What you will do
From the line with "York University Markham" to the final line of the data below, please write out every line exactly, with no pictures.

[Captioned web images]
--- START ---
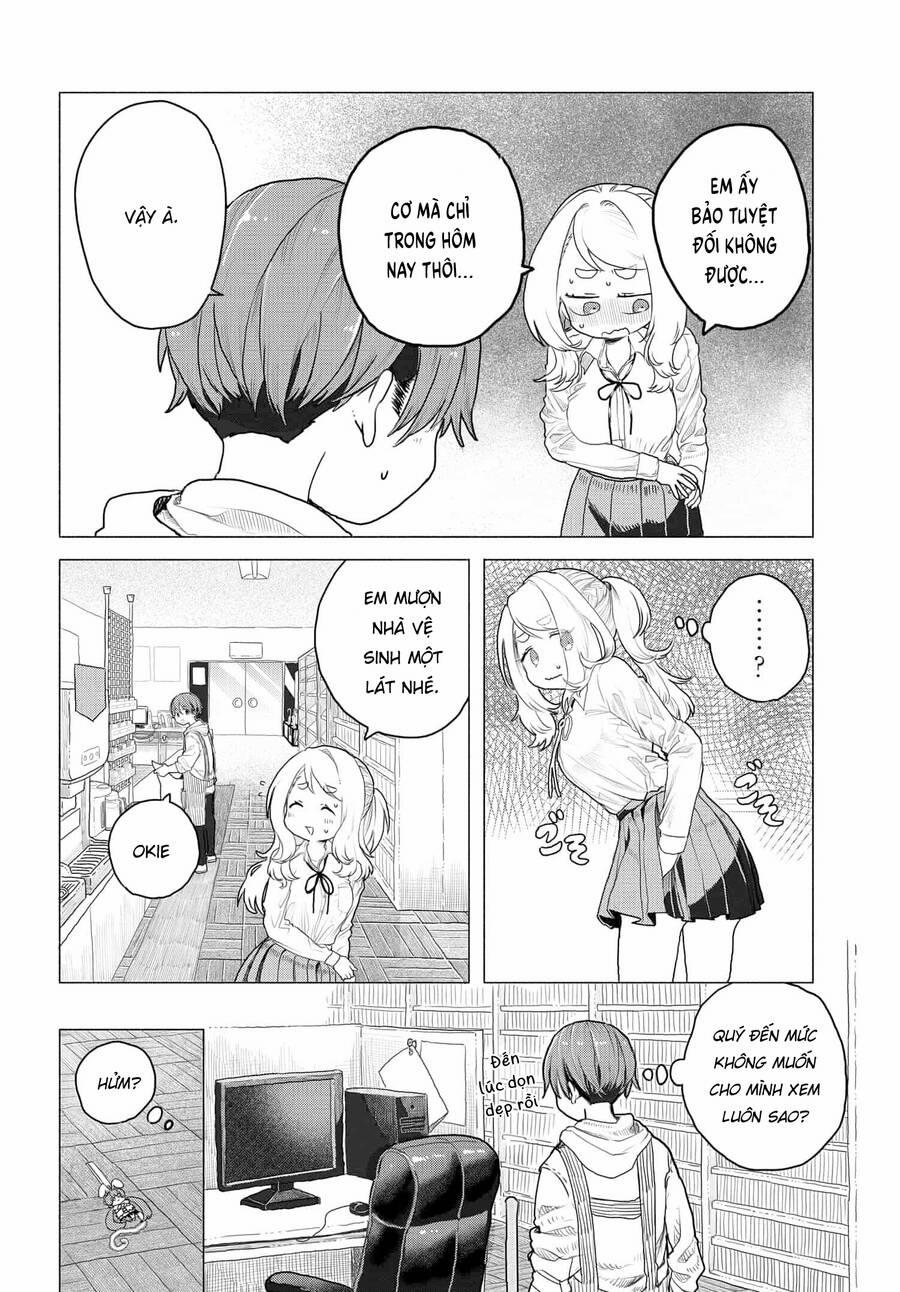 Mankitsu Shitai Jouren-San 10 trang 6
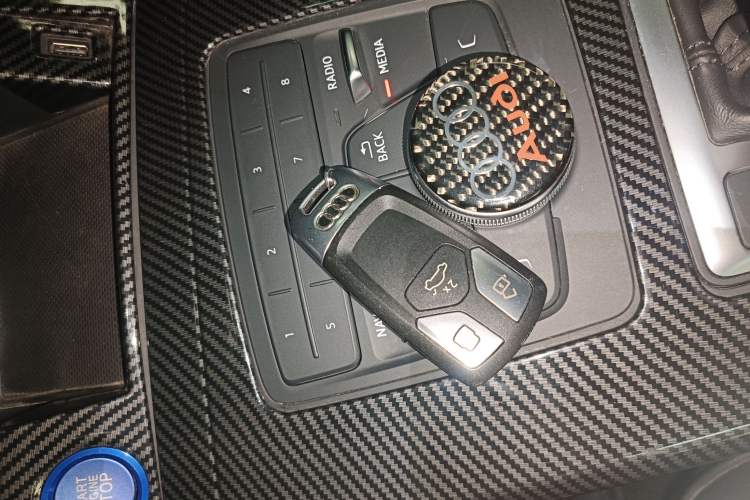 Used Audi Q5L 2020 Revised 40 TFSI Prestige Edition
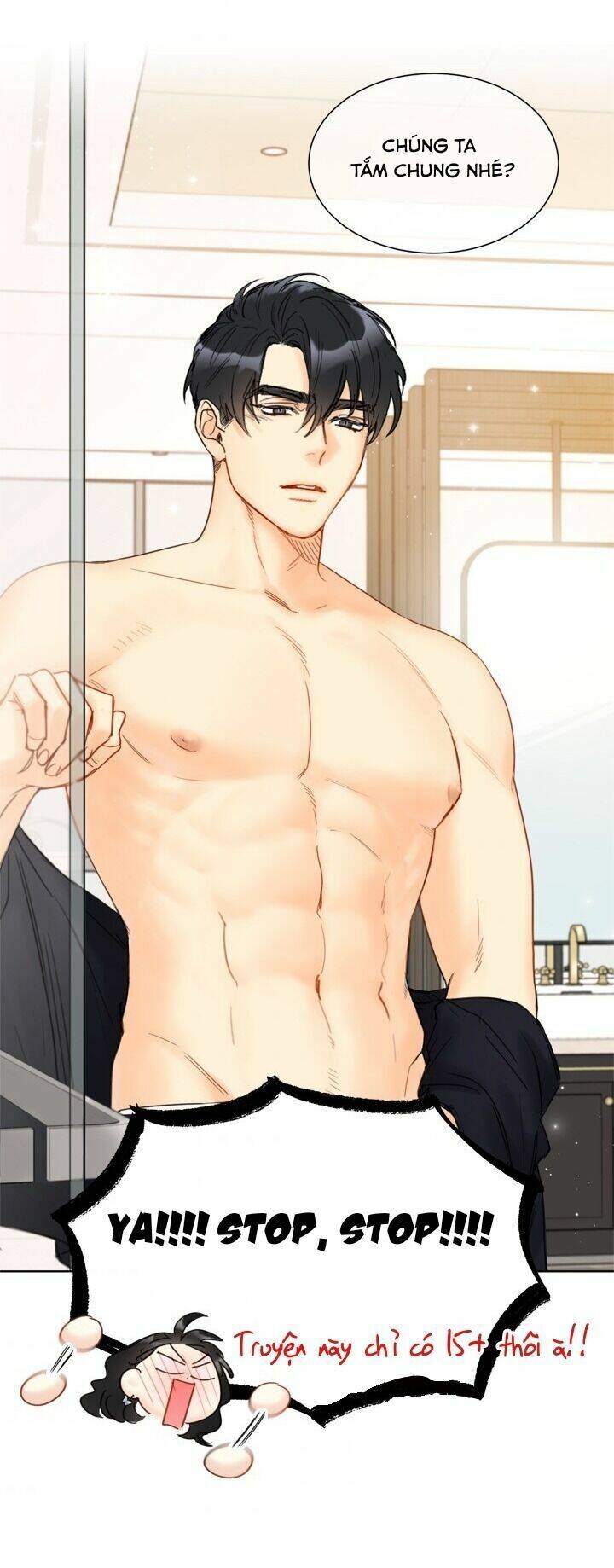 Hẹn Hò Chốn Công Sở - Chương 61 - Trang 46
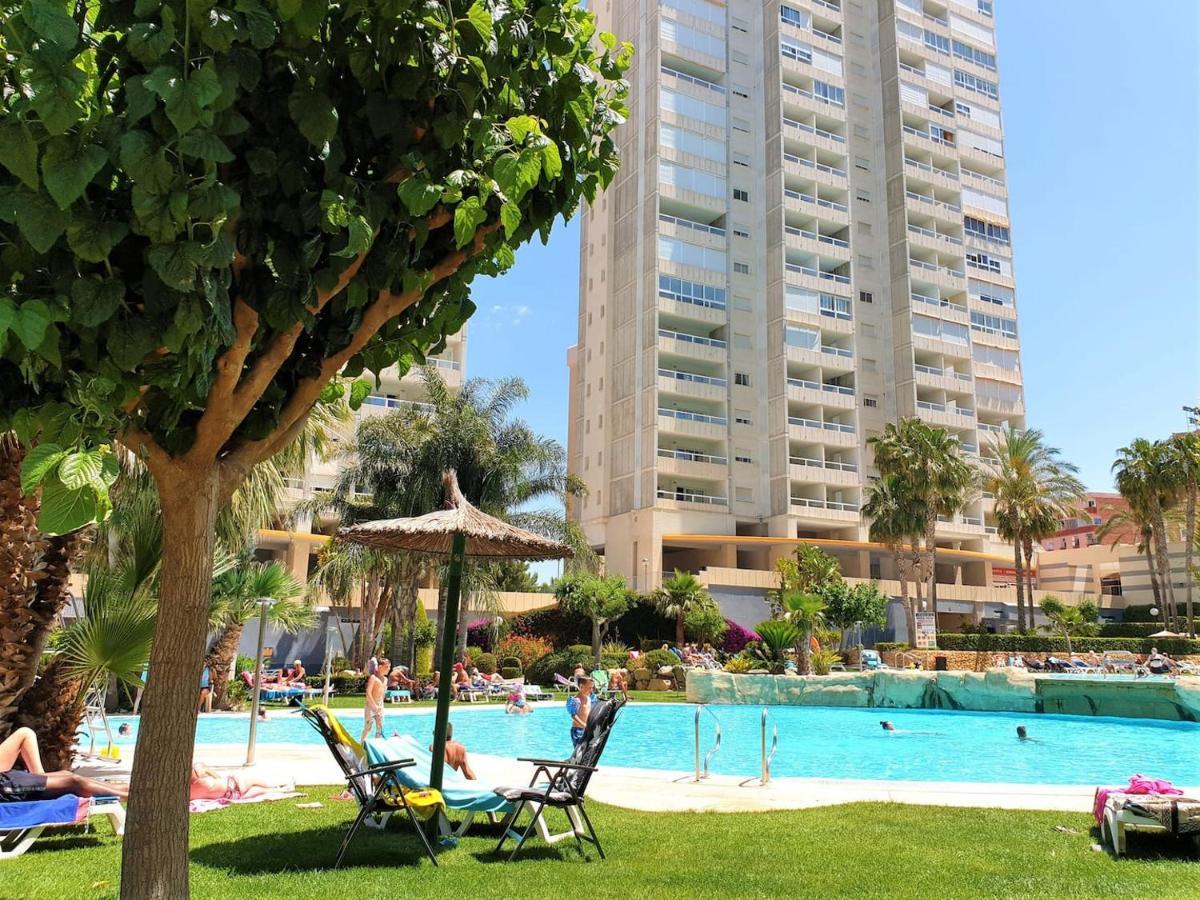 Gemelos 22 - Paraiso A 5 Min De Playa Levante Benidorm Exteriör bild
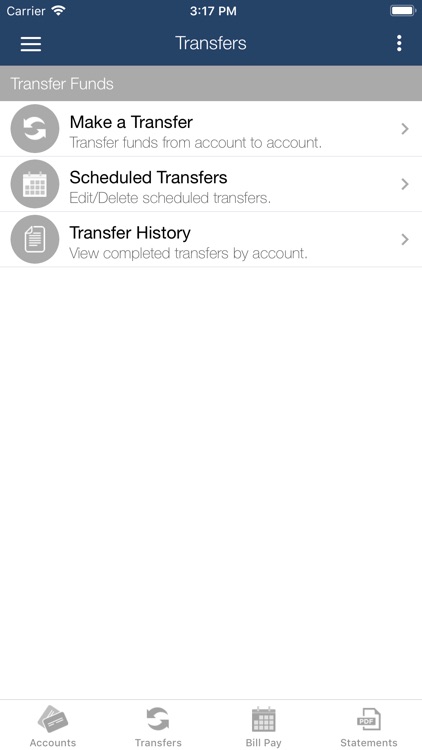 Mayville State Bank Mobile screenshot-3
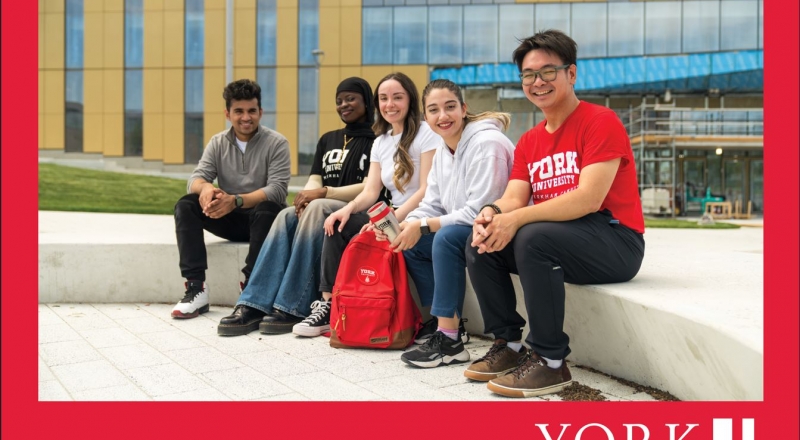 York University Markham Campus Information Session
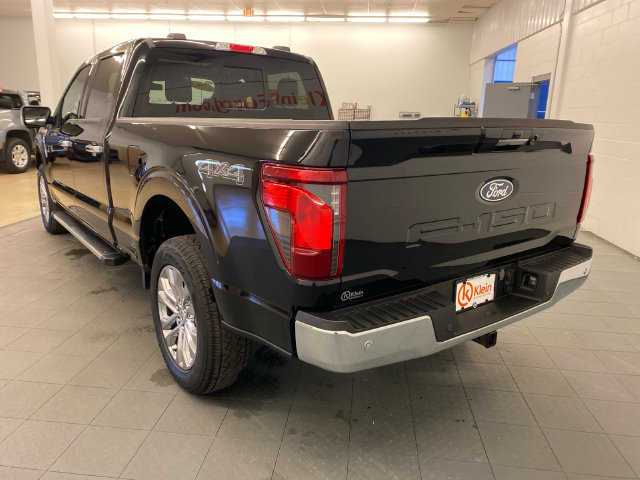 Used 2024 Ford F150 XLT w/ Equipment Group 303A High AWD/4WD image 8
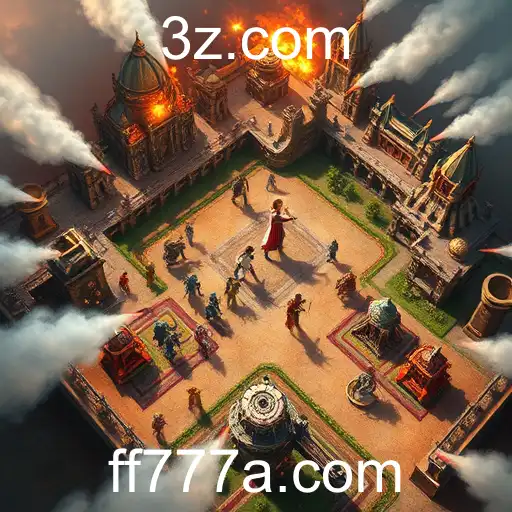 Novo Horizonte Digital no Mundo dos Jogos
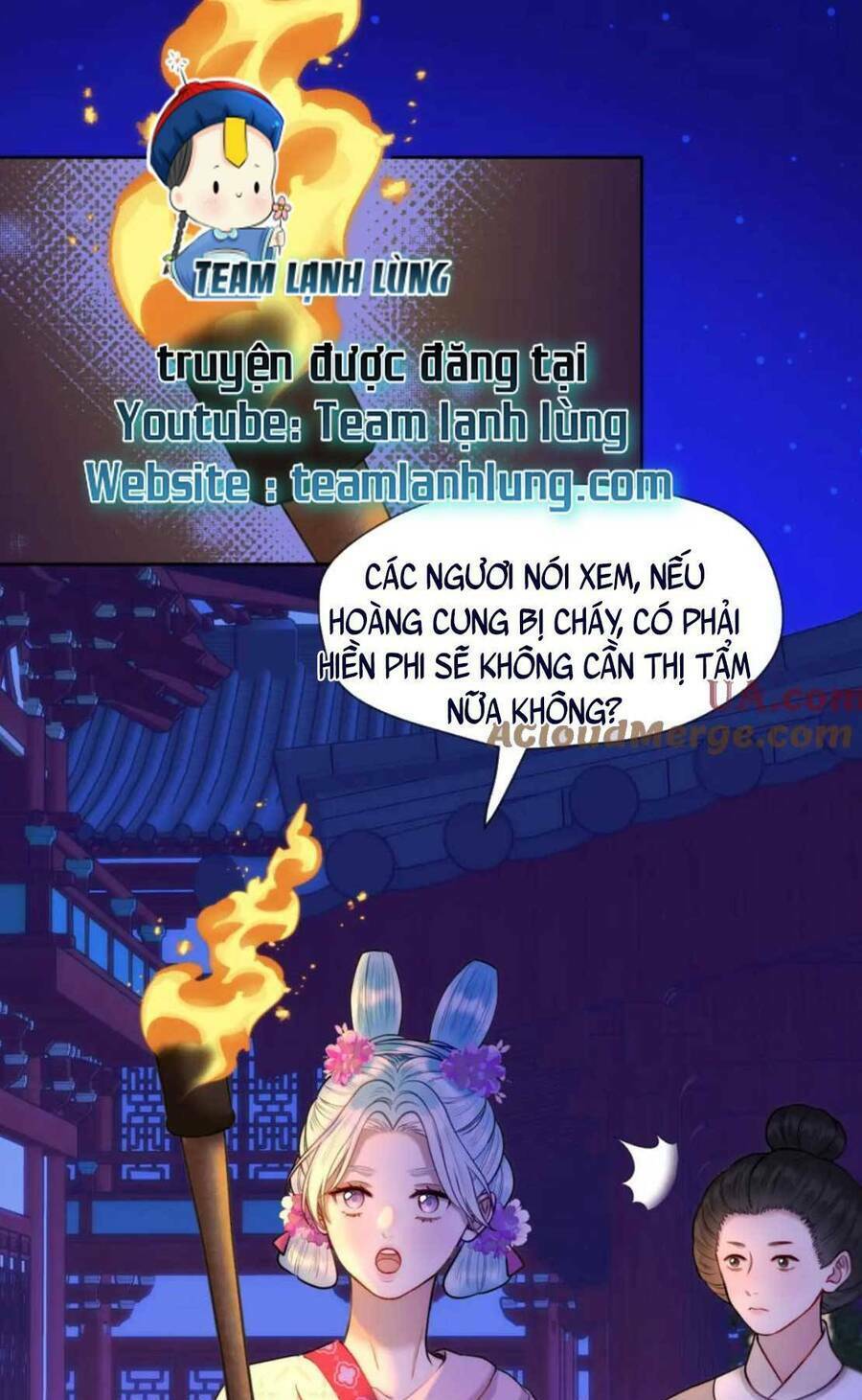 Ta Live Stream Trong Lãnh Cung: Chapter 31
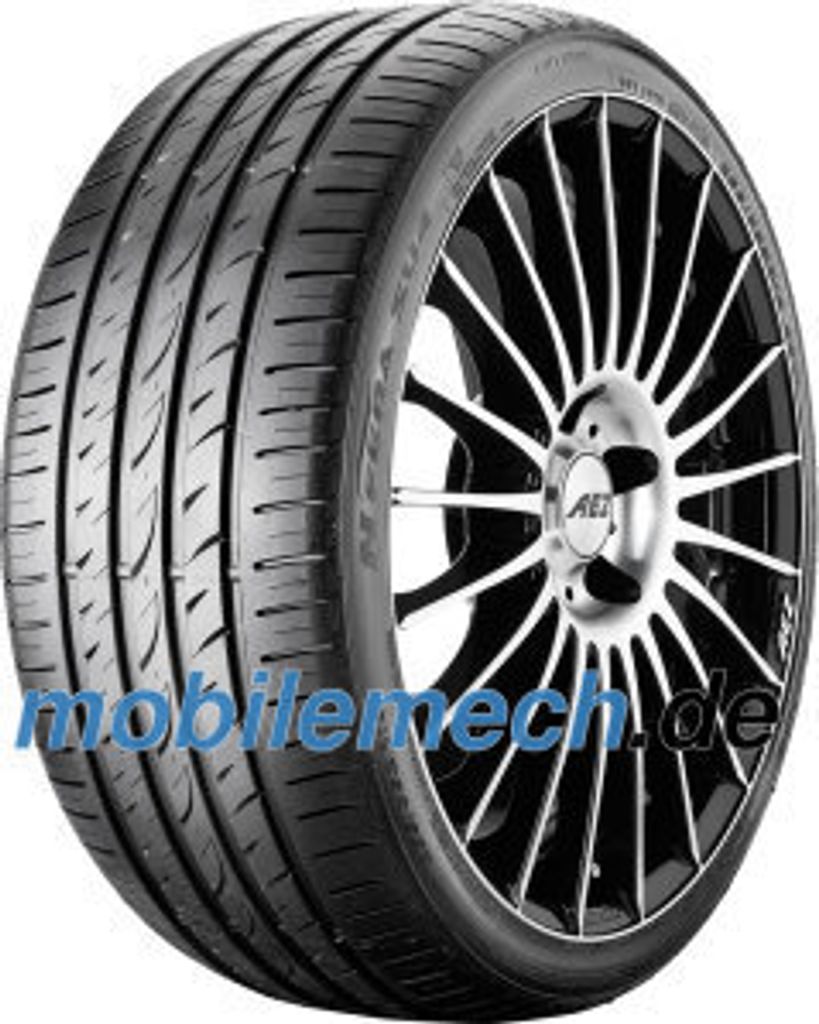 Nexen N Fera SU4 ( 225/45 R19 96W XL ) Produktbild 2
--- END ---
Response below
 York University Markham Campus Information Session
 Used 2024 Ford F150 XLT w/ Equipment Group 303A High AWD/4WD image 8
 Novo Horizonte Digital no Mundo dos Jogos
 Ta Live Stream Trong Lãnh Cung: Chapter 31
 Nexen N Fera SU4 ( 225/45 R19 96W XL ) Produktbild 2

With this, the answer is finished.